--- DATA FOR ANALYSIS ---
________

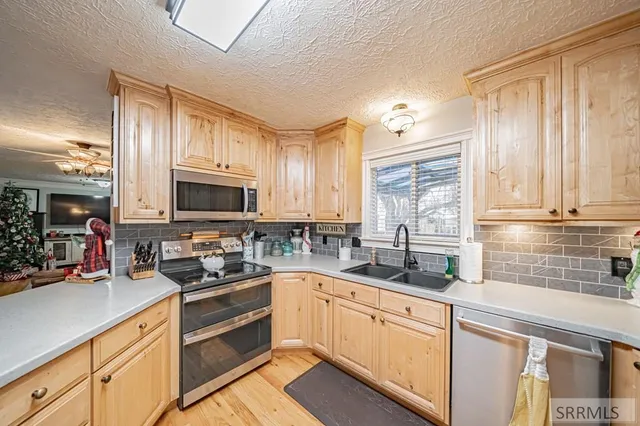 $575,000 | 210 North 4000 East, Rigby, ID 83442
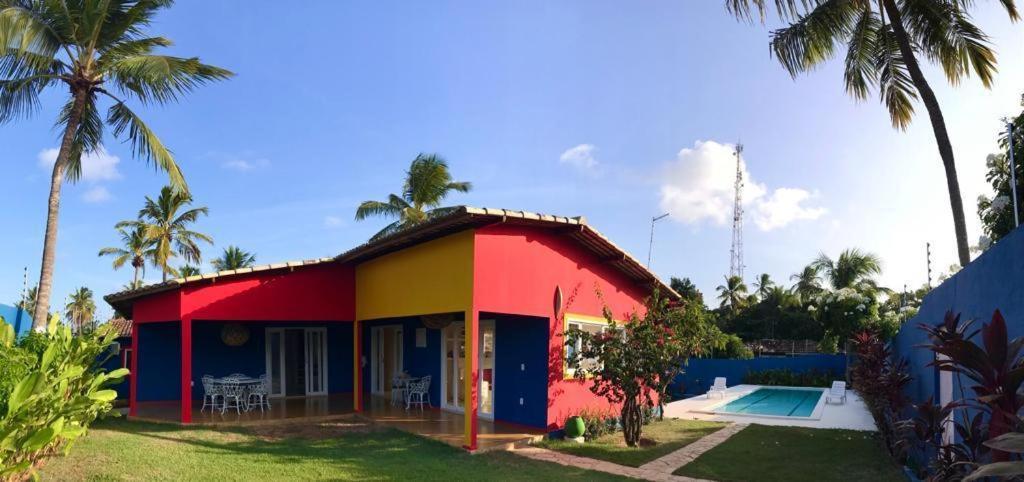 Casa Colorida 度假居 *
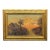 An Impressionist Oil on Board Landscape Painting, France Circa 1920s. For Sale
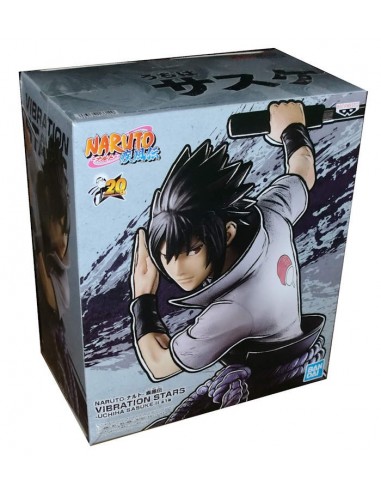 BANPRESTO NARUTO SHIPPUDEN VIBRATION...
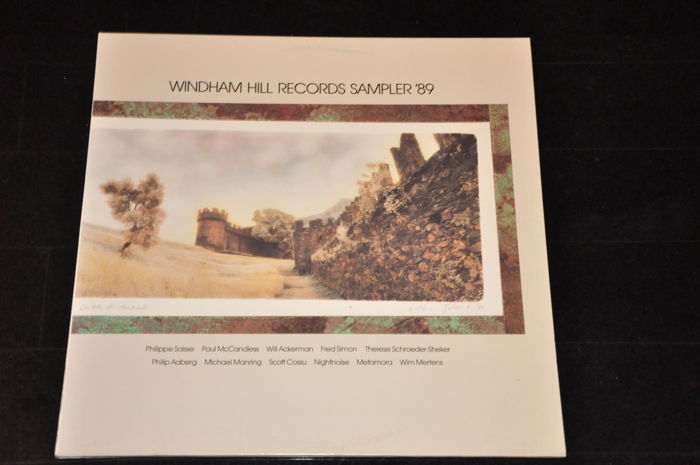 Various - Windham Hill Records Sampler '89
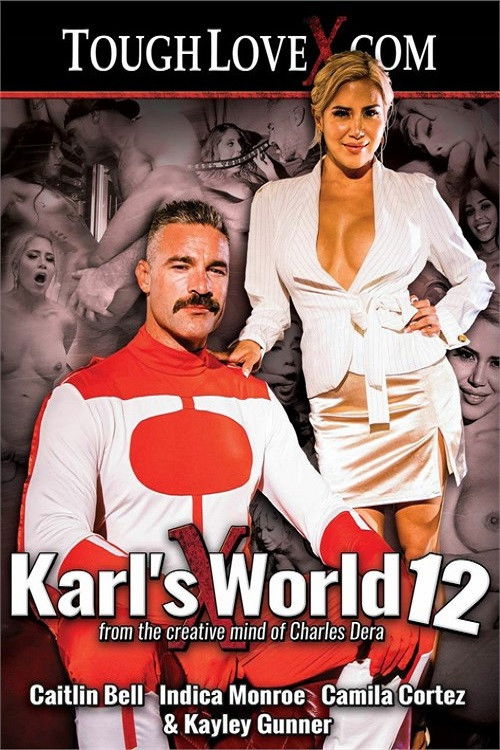 Karl’s World 12 (2022) poster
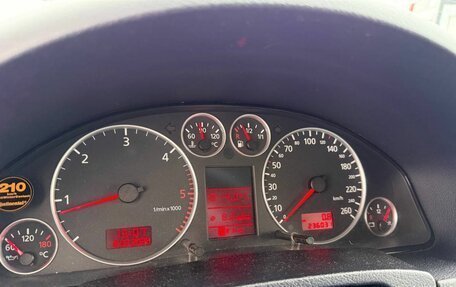 Audi A6, 2002 год, 648 000 рублей, 6 фотография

________

--- WHAT YOU ARE ASKED TO DO ---
Could you restate exactly the lines from the line containing "Various - Windham Hill Records Sampler '89" through the end of the listing, both ends included and nothing else, leaving the images out?

--- YOUR RESPONSE ---
 Various - Windham Hill Records Sampler '89
 Karl’s World 12 (2022) poster
 Audi A6, 2002 год, 648 000 рублей, 6 фотография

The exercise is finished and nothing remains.